---------- Material for this task ----------
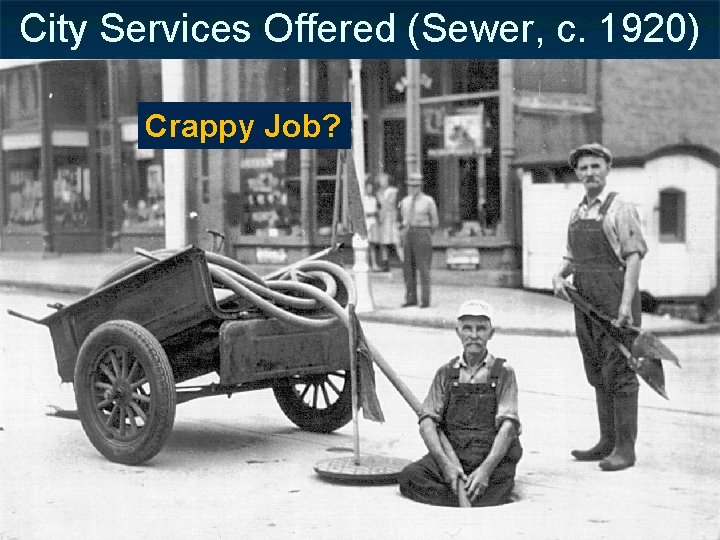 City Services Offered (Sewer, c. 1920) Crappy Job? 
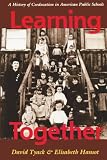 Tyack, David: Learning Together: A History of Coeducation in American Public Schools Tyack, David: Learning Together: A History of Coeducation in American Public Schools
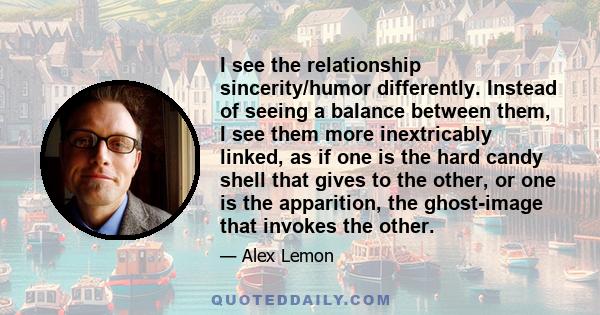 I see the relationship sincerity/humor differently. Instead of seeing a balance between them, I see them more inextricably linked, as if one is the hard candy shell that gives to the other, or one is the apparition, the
----------
---------- Material for this task ----------
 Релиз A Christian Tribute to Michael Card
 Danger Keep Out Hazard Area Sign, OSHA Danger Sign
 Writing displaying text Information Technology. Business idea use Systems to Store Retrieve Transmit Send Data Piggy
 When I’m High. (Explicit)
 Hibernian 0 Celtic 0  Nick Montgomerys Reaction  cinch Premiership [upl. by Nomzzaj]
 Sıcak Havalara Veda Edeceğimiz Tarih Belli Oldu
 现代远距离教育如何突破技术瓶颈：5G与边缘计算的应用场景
----------
---------- Material for this task ----------
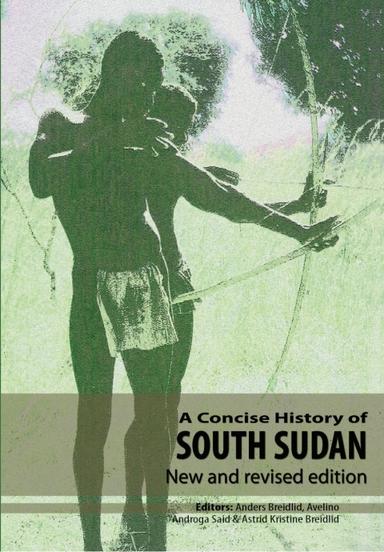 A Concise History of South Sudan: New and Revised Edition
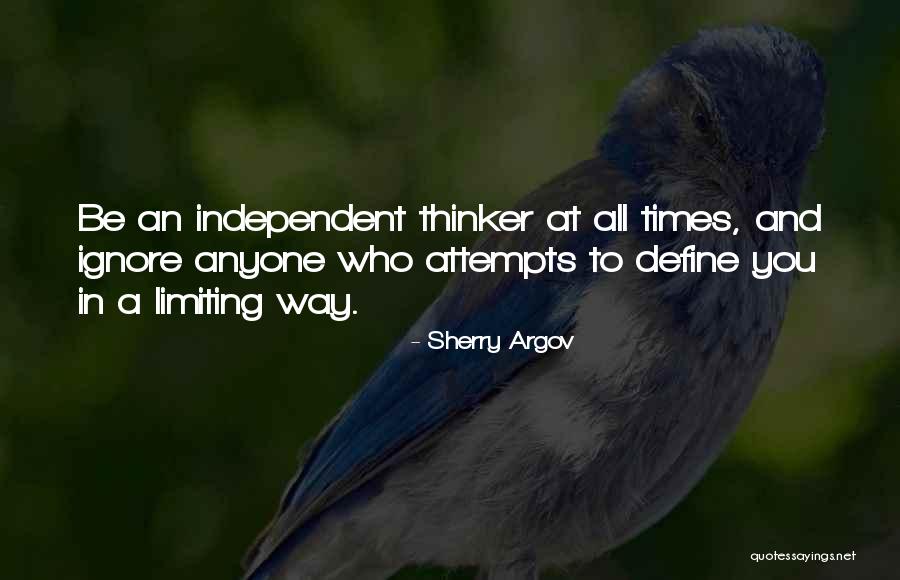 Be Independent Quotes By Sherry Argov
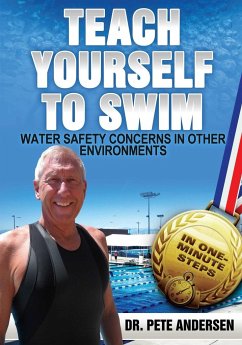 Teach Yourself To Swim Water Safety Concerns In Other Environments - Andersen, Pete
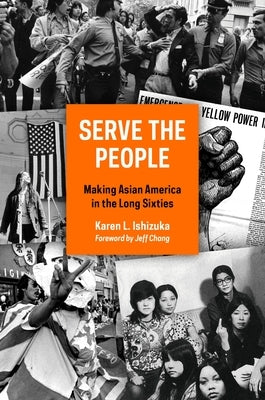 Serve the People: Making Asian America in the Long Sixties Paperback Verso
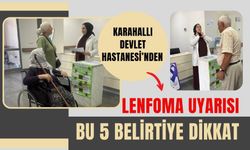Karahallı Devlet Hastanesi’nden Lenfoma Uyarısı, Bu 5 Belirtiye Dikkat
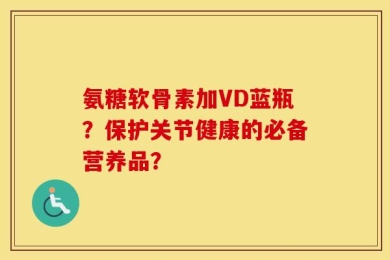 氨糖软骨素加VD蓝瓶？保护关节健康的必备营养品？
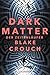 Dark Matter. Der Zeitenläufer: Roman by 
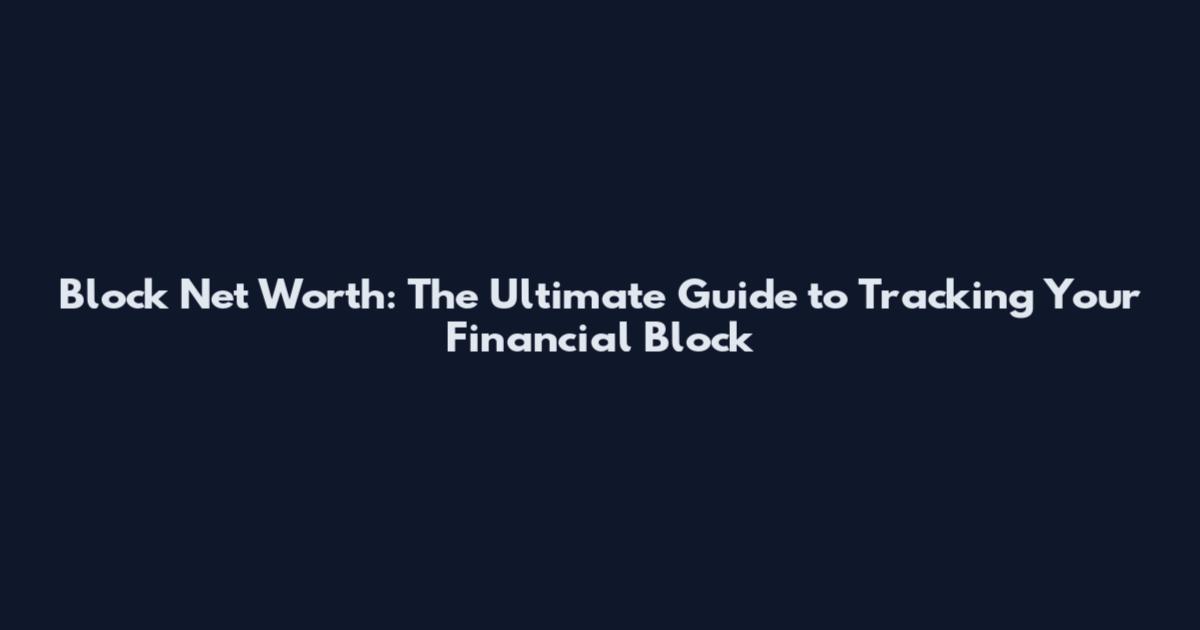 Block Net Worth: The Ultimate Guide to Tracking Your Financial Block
----------
Work request: Find where the line with "Sıcak Havalara Veda" sits in the material above, then copy exactly from it through the line with "现代远距离教育如何突破技术瓶颈：5G与边缘计算的应用场景". Add no other line.

Result:
 Sıcak Havalara Veda Edeceğimiz Tarih Belli Oldu
 现代远距离教育如何突破技术瓶颈：5G与边缘计算的应用场景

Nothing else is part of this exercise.